An exact copy of the data is needed, one that excludes all pictures.
*** Supplied material Section Begins ***
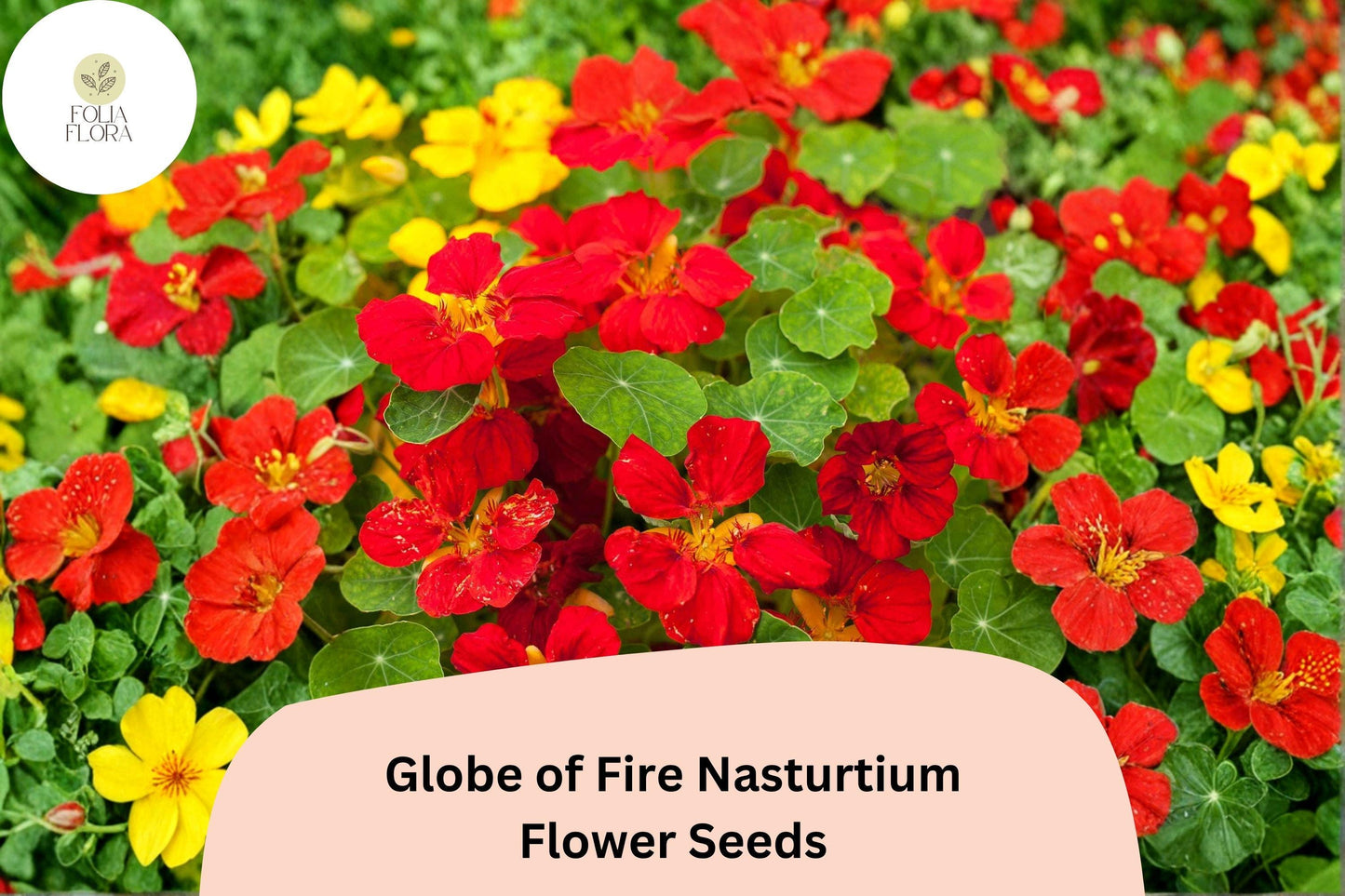 50+ Globe of Fire Nasturtium Seeds | Tropaeolum majus Bright Red-Orange Blooms for Containers & Gardens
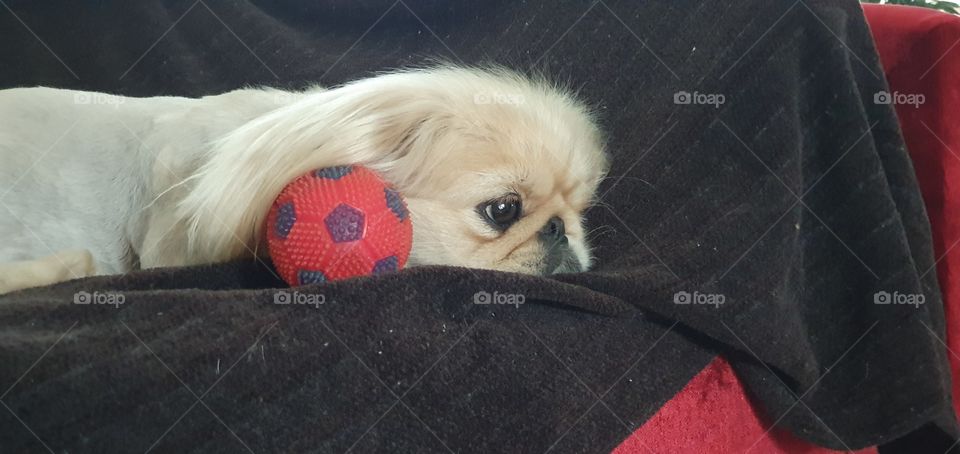 descansando após jogo pink ball Rubber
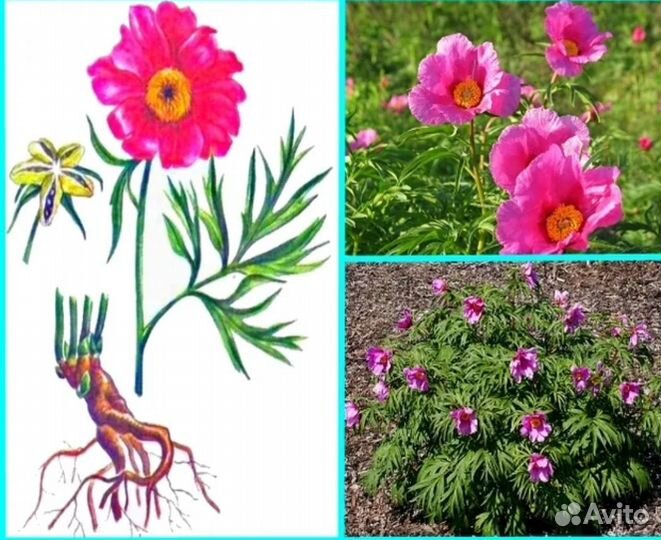 Целебный Пион Марьин корень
*** Supplied material Section Ends ***
▸ Task result:
 50+ Globe of Fire Nasturtium Seeds | Tropaeolum majus Bright Red-Orange Blooms for Containers & Gardens
 descansando após jogo pink ball Rubber
 Целебный Пион Марьин корень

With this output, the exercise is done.